╭─ Records shown
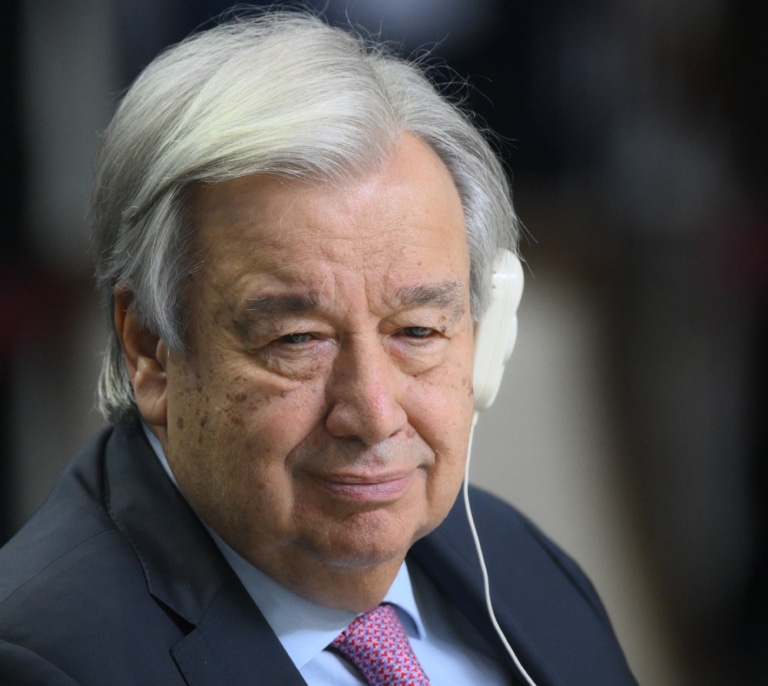 El secretario general de la ONU insiste en el reconocimiento del Estado Palestino "con Gaza como parte integral"
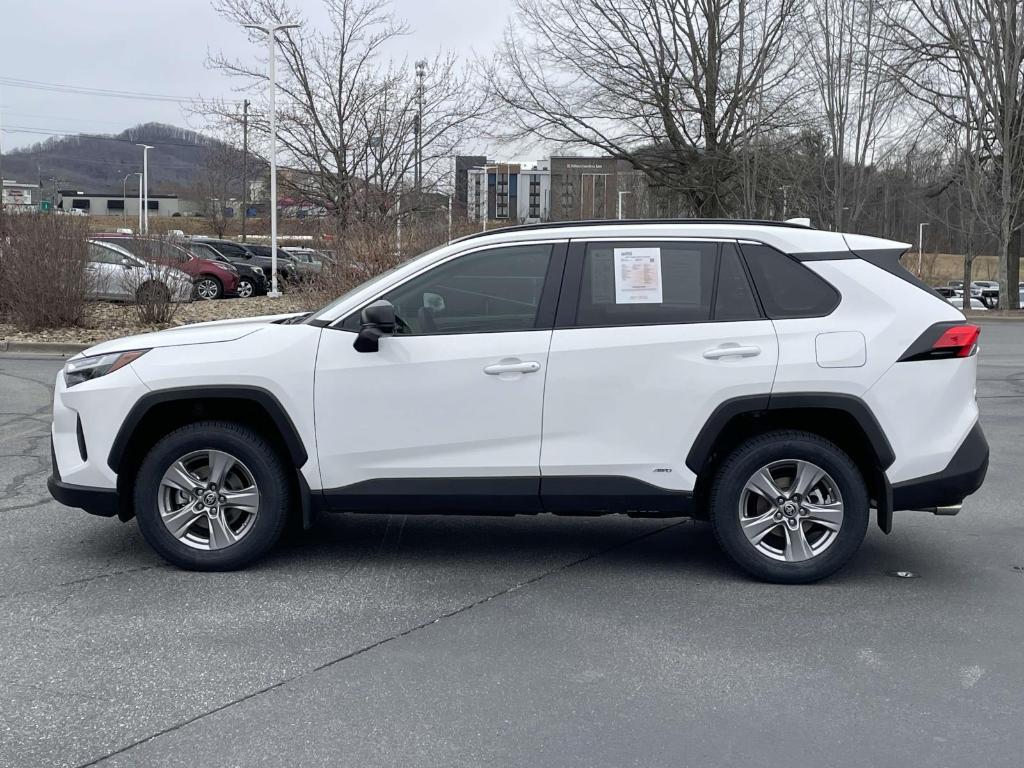 used 2024 Toyota RAV4 Hybrid car, priced at $32,811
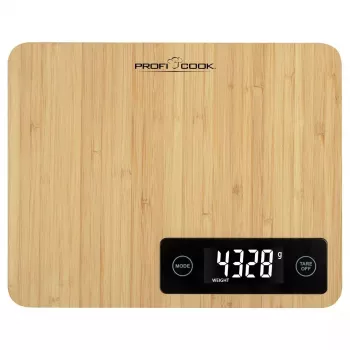 Virtuvinės svarstyklės ProfiCook KW1271, 5 kg talpa, LCD ekranas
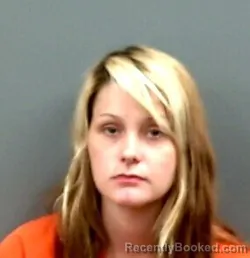 Mugshot of Brooke Lynn Delk booked in Grady County, Oklahoma on September 5, 2026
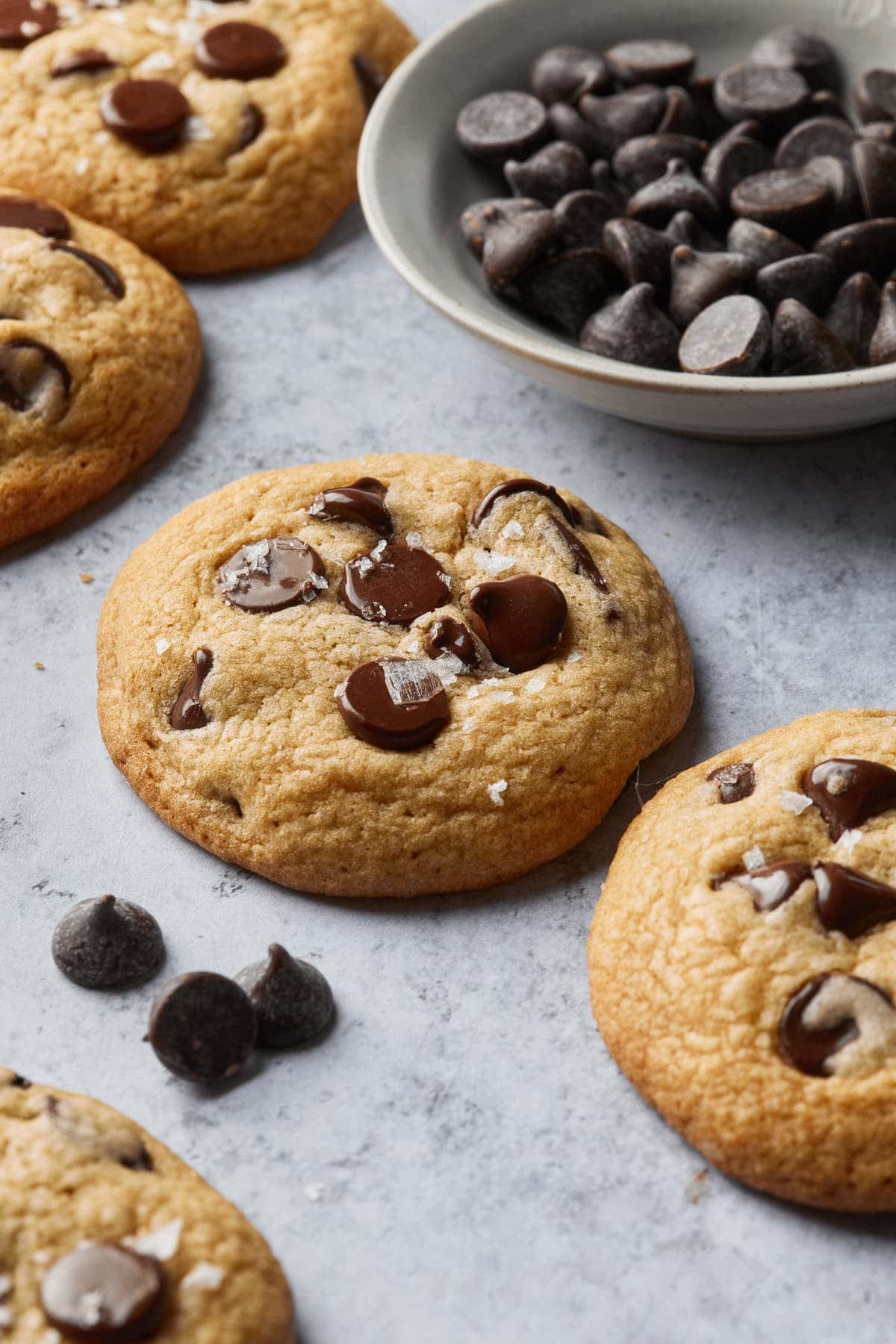 Dairy Free Chocolate Chip Cookies - Simply Whisked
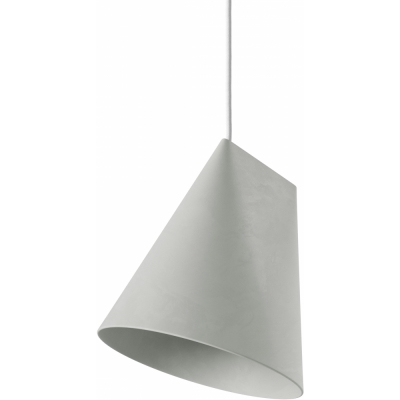 Moebe - Ceramic Pendelleuchte Ø 23 cm Hellgrau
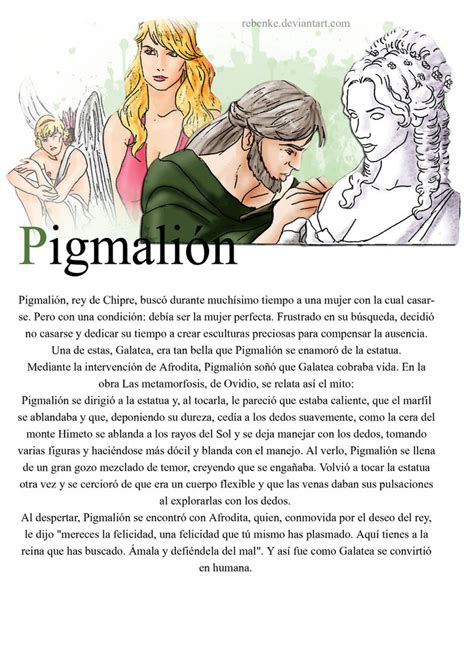 Pigmalion y Galatea mito real by rebenke on DeviantArt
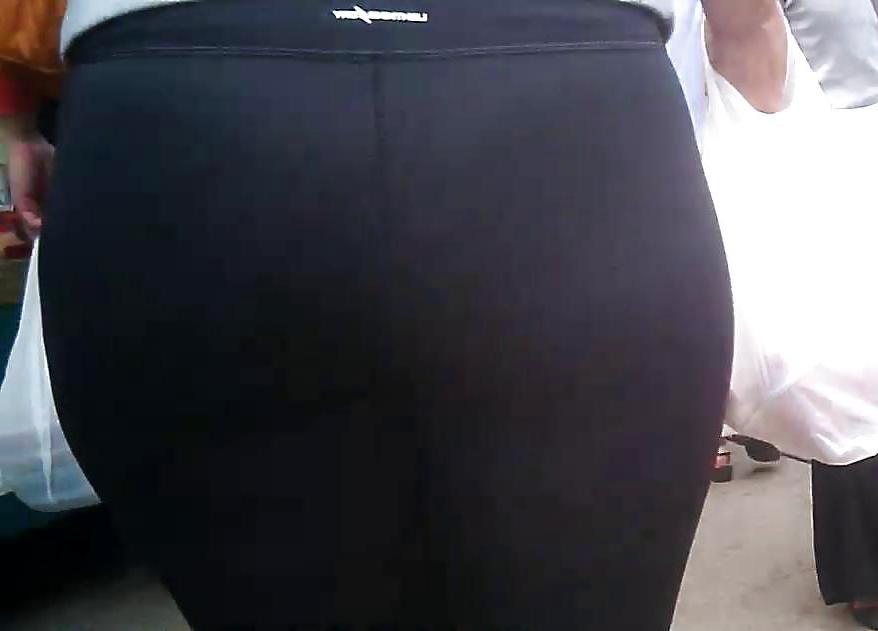 25P Sexy Spandex Booty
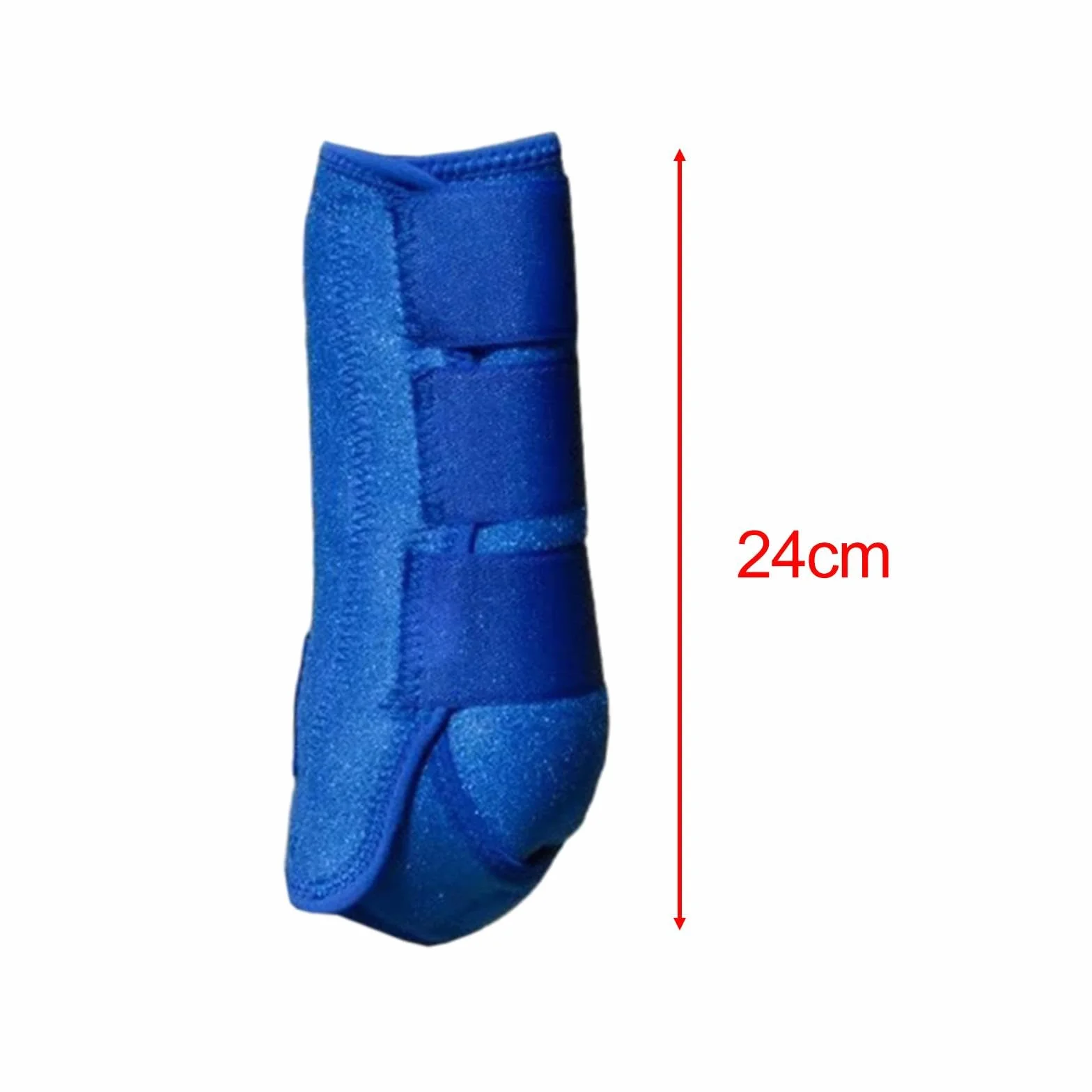 4 Uds Botas de Caballo Protectores de Piernas Ajustables Cómodos Neopreno Reutilizables Transpirables Protectores de Caballos Conjunto de Equipo de Pi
╰─
• _Work instructions_
What is needed is an exact copy of the lines from the beginning of the data through the line containing "Virtuvinės svarstyklės ProfiCook", both included, without any pictures.

• _Solution for this problem_
 El secretario general de la ONU insiste en el reconocimiento del Estado Palestino "con Gaza como parte integral"
 used 2024 Toyota RAV4 Hybrid car, priced at $32,811
 Virtuvinės svarstyklės ProfiCook KW1271, 5 kg talpa, LCD ekranas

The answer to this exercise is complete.